Under Bayes Classifiers, we have considered four Classification algorithms that are, BayesNet, NaiveBayes, NaiveBayesMultinominalText and NaiveBayesUpdatable to calculate the Classification Accuracy of Meta Data ‘Type’. ‘Type’ is a Meta Data of Cosmetic Company’s facebook page dataset which contains four distinct attributes as status, link, photo and video. Our aim is to achieve the best Classification algorithm that can classify all four attributes in their respective classes with at most Accuracy [14].

Under Decision Tree classifiers, four Classification algorithms are used for calculating the Classification Accuracy of the same Meta Data ‘Type’ from the dataset. Those are J48, LMT, RandomForest, RandomTree [13].

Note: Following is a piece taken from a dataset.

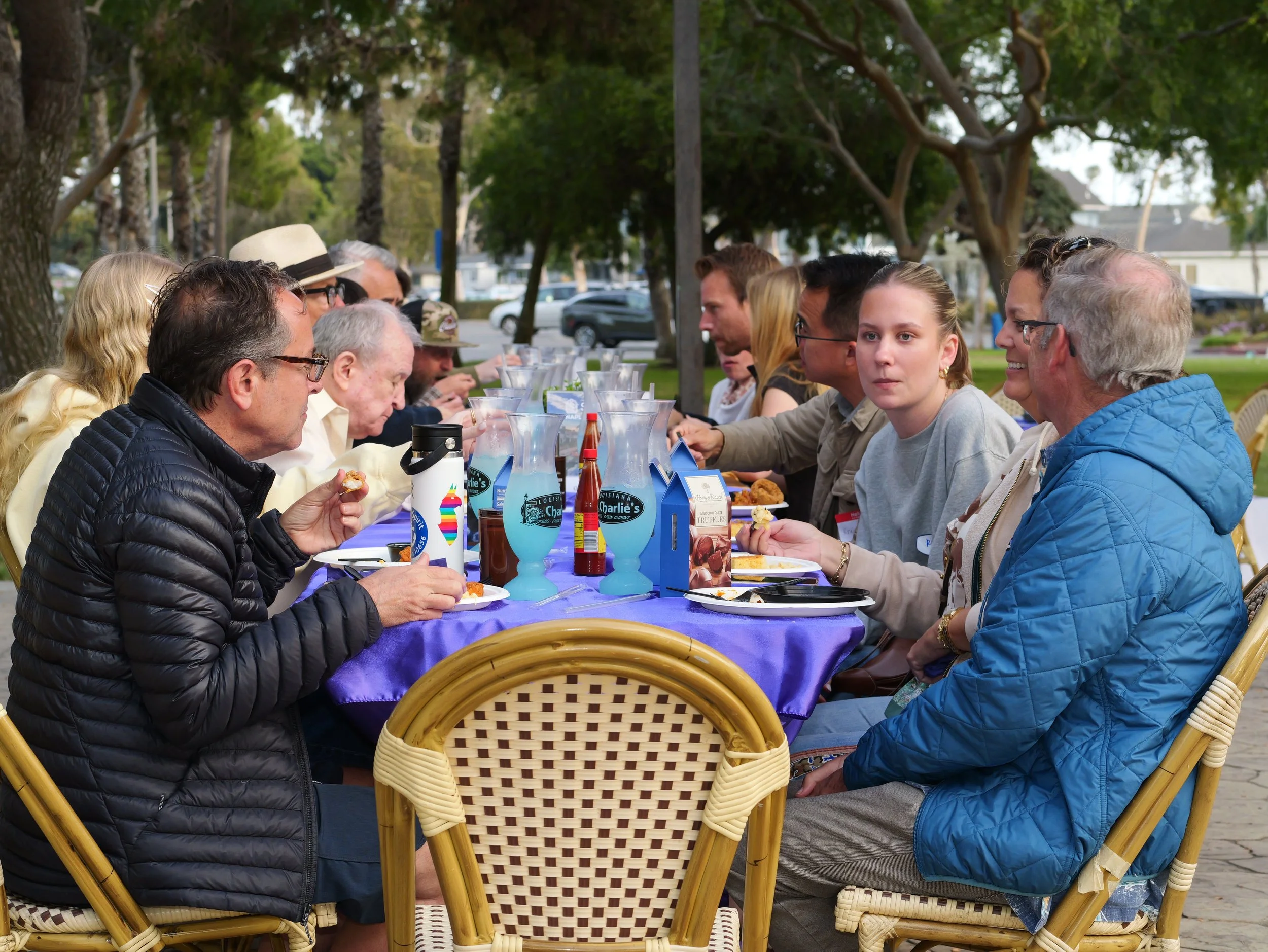 A group of people sitting at a long outdoor table under trees, enjoying food and drinks at a social gathering or event.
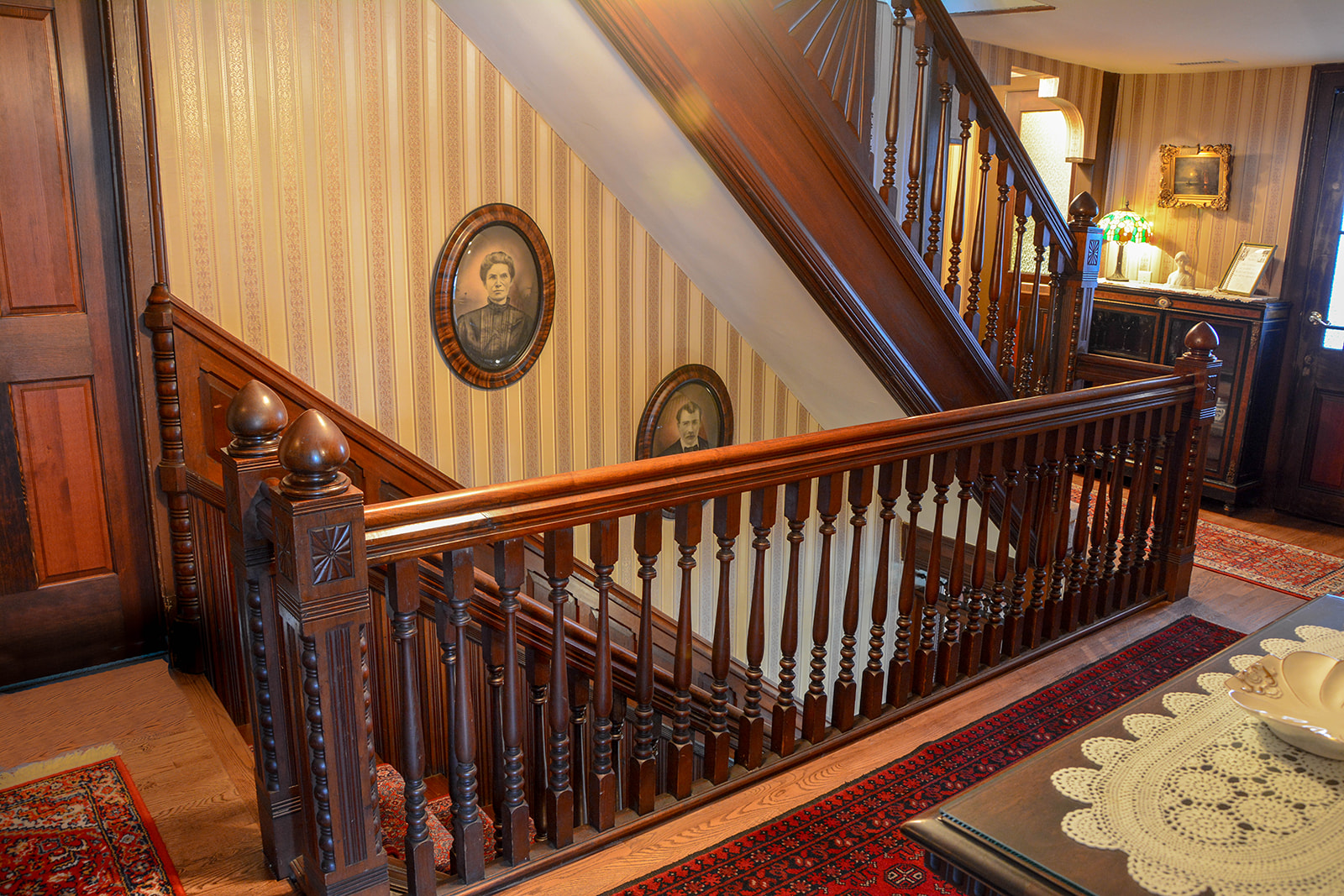 Staircase showing 19th century portraits of man and wife.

The dataset is divided into two splits, training and testing. And to achieve this, percentage split method is used. It indicates that the part of the dataset is considered as training data and another part is considered as testing data. Using data mining Classification tool WEKA, we have calculated the Accuracy of correctly classified instances, kappa statistics, root mean squared error, relative absolute error, root relative squared error and generated Confusion Matrix which shows the different classes such as link, photo, status and video of type Meta Data. Classification error tables are generated for all 8 algorithms of two Classifiers. These tables show how many instances among total of 500 instances are correctly classified and also the number of incorrectly classified instances in tabular format.

As the dataset used in current work is, a company’s cosmetic product advertisement data hence, our is beneficial to those who wants to classify the social media data which is noisy and inappropriate all the time, the findings may help them by advising which Data Mining technique is better to classify the posts uploaded on the social media. By this, knowledge discovery can be achieved from enormous noisy data. The structure of the paper describes the proposed framework of the current work, dataset used in the research and its attributes then experimental results of Bayes Classifiers and results of Decision Tree Classifiers are described following with Classification error tables and also shown the comparison analysis of Bayes Classifiers and Decision Tree Classifiers based on different observations in the results produced by both the Classifier algorithms. Finally, concluded the content of the research experiment conducted.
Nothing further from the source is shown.